The show stopper, though, is the bossa standard “Arrastão,” which Eça engineers away from the piece’s usual pop bombast (search it on YouTube for a nauseating experience). The vocal delivery in relation to the presumed genre is again fascinating; the piece doesn’t actually sink into a recognizable “bossa” feel until the very end, favoring a straight bass line full of jazz and vocal pop tensions. It’s hard not to think of Brian Wilson’s vocal breaks as harmonies circulate around the memorable melody.

This delayed gratification in “Arrastão” also reflects Som Definitovo's astute politics. Bossa nova’s tendency to signify upper-class leisure is subverted by delaying the “bossa” until the very end. The contoured harmonies reflect both the anticipation felt in the first section ("Hey, there’s a raft out to sea!") and the leisurely relief felt in the finale ("We’ll never see as many fish as this!").

Although the Quarteto continues to exist today, the lineup is vastly different and the transglobal resonances of pop as a (potentially) all-encompassing genre are noticeably absent. So, what foresight the group had in calling their masterpiece “Definitive Sound.”

1974: Randy Newman - Good Old Boys

The more recognized Randy Newman is in mainstream culture, the more reviled his presence becomes. Despite enduring critical popularity with Pixar, his songs for their films -- think “You’ve Got A Friend In Me” from Toy Story or “If I Didn’t Have You” from Monsters, Inc. -- have made his name synonymous with mediocrity. They’re fine songs, but regular Oscars viewers turn hostile seeing this potato-shaped old man on the red carpet every year. (Though I’d like to make a case for the beautiful “When She Loved Me” from Toy Story 2. Maybe that’s a separate column.)

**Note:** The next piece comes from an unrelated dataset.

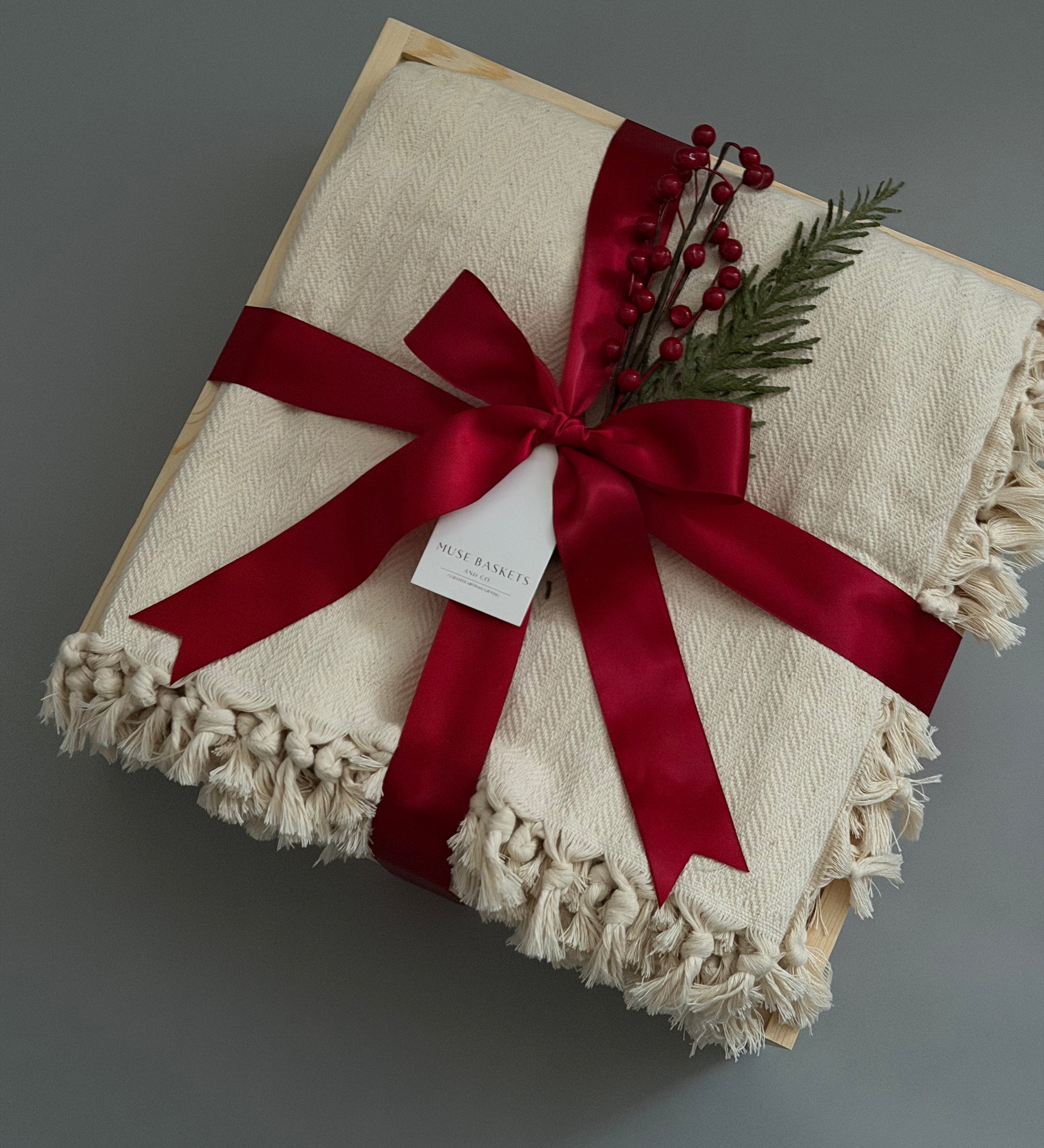 Closed gift box with cream blanket and holiday decorations, perfect for  corporate clients and colleagues.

It wasn’t always so. Newman’s records, including this year’s decent Harps and Angels, are elegant character portraits and sharp satirical documents. As a writer, Newman ranks with Mark Twain as one of the country’s finest and funniest social critics; as a musician and composer, he stands with McCartney and Lennon, and the best of Tin Pan Alley.

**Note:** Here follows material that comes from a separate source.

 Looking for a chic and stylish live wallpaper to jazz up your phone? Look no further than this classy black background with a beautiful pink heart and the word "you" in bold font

Sail Away, released in 1972, is often cited as the pinnacle of Newman’s satirical work. And while it’s a great record, Good Old Boys is the subtler, more complicated effort. In fact, satire doesn’t get more complex than opening track “Rednecks,” whose hick narrator sees Georgia governor Lester Maddox on the Dick Cavett Show and spits out a rant about the patronizing response the politician receives from the northern-elite audience. The result is Newman singing from the southerners point of view, himself singing about the northern hypocrites who mock his kind: “We don’t know our ass from a hole in the ground/ We’re rednecks, and we’re keeping the niggers down.” This is followed by a critique of segregation: “[The black man is] free to be put in a cage in Harlem in New York City/ He’s free to be put in a cage on the south side of Chicago.” That’s just the first track.

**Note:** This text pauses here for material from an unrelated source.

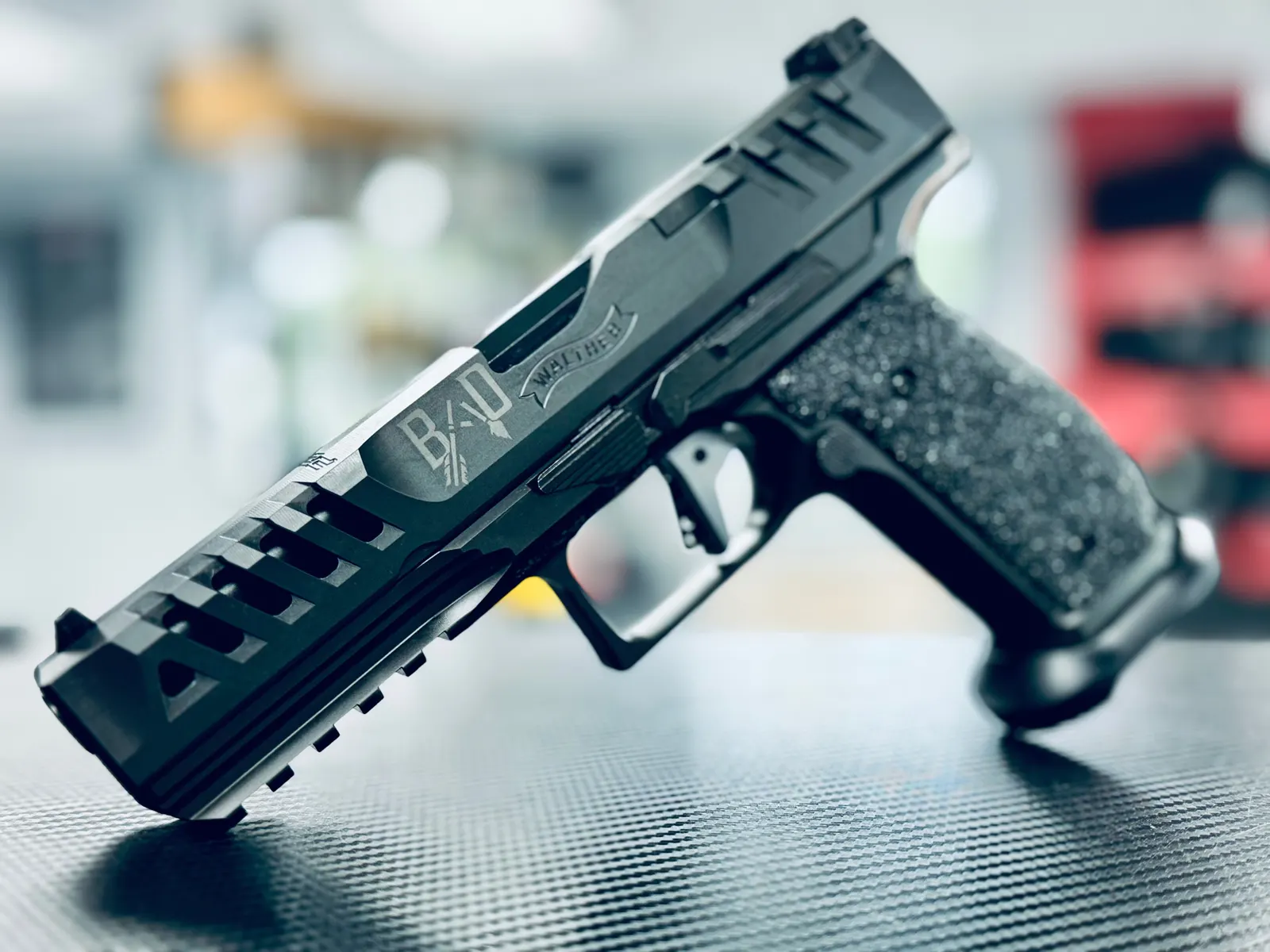 Milled slide with lightening cuts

Things get a little less complex from there, but no less vivid. The narrator of “Birmingham” is a proud Alabama resident who works in a factory (“that’s all right with me”) and owns Dan, "the meanest dog in Alabam." He is also married to the title character of “Marie,” one of Newman’s finest compositions. The heartbreaking ballad is sung by Marie’s drunk husband, who tells his wife the things he’d never say sober: “The song that the trees sing when the wind blows/ You’re a flower, you’re a river, you’re a rainbow.” (He won’t remember this in the morning.)

Good Old Boys' centerpiece is “Louisiana 1927,” an account of the Great Mississippi Flood. The song’s refrain is “they’re trying to wash us away,” a comment on the theory that the city’s levees were dynamited to preserve the wealthier sections of New Orleans. Unsurprisingly, the song gained new popularity in 2005, after similar theories arose from Hurricane Katrina. It's simply a gorgeous track, accomplishing in a few words what lesser social critics attempt with entire books. And, like the rest of the record, the song just sounds great. There's just enough orchestration to inject some theatricality, but Newman's tight band -- which included session veterans Jim Keltner on drums, bassist Russ Titelman, and Glenn Frey and Don Henley as guest vocalists -- provide its R&B backbone.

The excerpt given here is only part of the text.